LE COUP DE PIED DE KAHN
Chronique de Dominique JAMET...
Tout le monde connaît Jean-François Kahn.
Tout Français âgé de sept à plus de soixante-dix-sept ans a eu au moins une fois l’occasion d’écouter et d’apprécier à la radio ou sur le petit écran la parole presque toujours profuse, l’expression parfois confuse et les remarques le plus souvent intelligentes et originales de celui qui, esprit critique mais aussi créateur d’entreprises, a fondé l’hebdomadaire Marianne il y a aujourd’hui près d’un quart de siècle.
Les fidèles lecteurs du magazine et les nombreux lecteurs des innombrables ouvrages de Jean-François Kahn sont bien placés pour constater la rectitude et la continuité de la ligne politique suivie par celui-ci et que marquent notamment le rejet des vieux partis et des clivages périmés, l’attachement à la nation telle que l’ont inventée les pères fondateurs de la Révolution française, à la République telle que l’ont aimée et fait aimer les hussards noirs de la IIIe, à la liberté d’expression, à la liberté de croire, à la démocratie, à la laïcité, enfin le souci permanent d’arracher notre société aux griffes de la technostructure, du grand capital et des superpuissances impérialistes ou multinationales. Natacha Polony défend et illustre désormais cette ligne avec autant de talent que de conviction.

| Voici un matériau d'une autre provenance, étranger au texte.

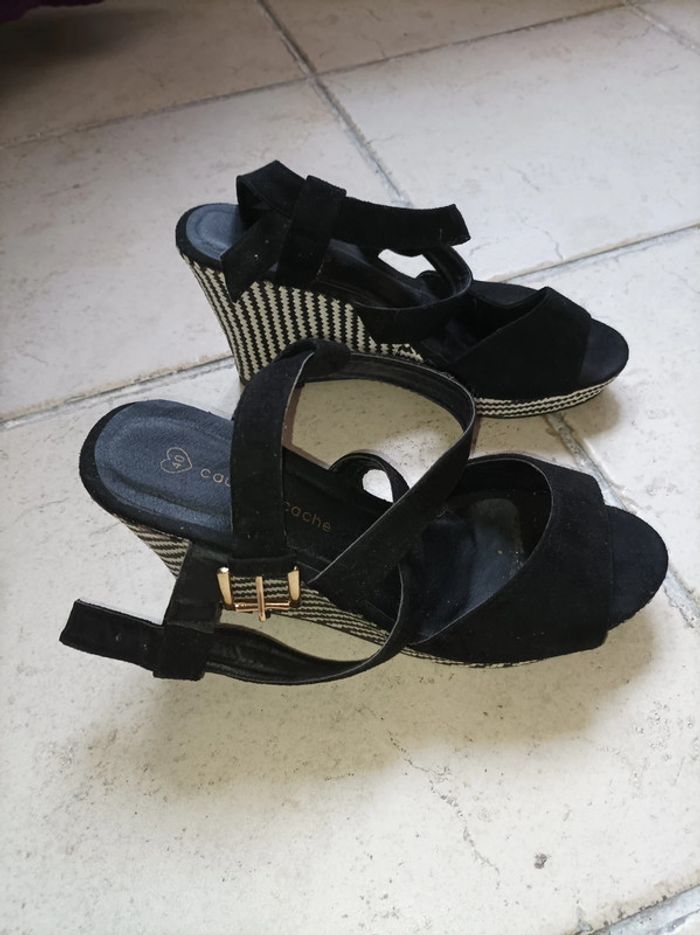 Sandales compensées femme noire - photo numéro 4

Les uns comme les autres n’en ont été que plus étonnés de découvrir dans l’avant-dernier numéro de Marianne, sous le titre « Heure de vérité » un éditorial de Jean-François Kahn qu’ils n’auraient pas été surpris de lire, sur le site de Médiapart ou dans Le Monde, par exemple sous la signature d’Edwy Plenel ou d’Abel Mestre.
« JFK » s’y attaque avec violence, sans le nommer, à celui qui, dit-il, fut longtemps « le parangon d’une extrême-gauche anarchisante et nietzschéenne » et qui « annonce le lancement d’une publication destinée à fédérer les souverainismes des deux rives (pas les plus démocratiques en l’occurrence ».
Le parangon en question serait-il Michel Onfray ? La « publication » annoncée « Front populaire » ? Sur la base de références historiques incontestables et d’analogies hasardeuses, Jean-François Kahn prédit d’ores et déjà à l’initiative en cours les fatales dérives qui furent celles de Gustave Hervé, socialiste révolutionnaire qui, dès les années 1930, faisait appel à Pétain, de Marcel Déat, socialiste pacifiste converti au fascisme ou de Jacques Doriot, de communiste devenu nazi.
Reprenant le thème déjà orchestré par Abel Mestre, Jean-François Kahn relève « le ralliement, par cohortes entières », des « extrêmes et ultradroites ». Il est de fait qu’Alain de Benoist, Philippe de Villiers et quelques autres, venus de loin, ont manifesté leur intérêt et leur sympathie à la création de Front populaire, comme l’ont fait aussi quelques dizaines de milliers d’abonnés, vénus d’aussi loin mais d’ailleurs et qui sont d’accord pour faire passer leur souci de l’indépendance de la France avant toute autre question. La présence de tel ou tel, désirée, acceptée, ou subie, prête évidemment le flanc au plus facile et au plus classique des amalgames sur le mode « Dis-moi qui t’aime et je te dirai qui tu es ». C’est sur de telles bases que se fondait le genre de réquisitoires, imparables, dont raffolaient Fouquier-Tinville ou Vichinsky.
On peut broder à l’infini sur de tels motifs. Au choix : Léon Daudet a tout fait pour que Marcel Proust obtienne le Goncourt. Donc Marcel Proust était royaliste, homophobe et antisémite. Ou encore : Hitler aimait par-dessus tout sa chienne Blondi. Donc, les bergers allemands sont nazis. On n’attendait pas de Jean-François Kahn qu’il tombe et fasse tomber ses lecteurs dans ce genre de pièges.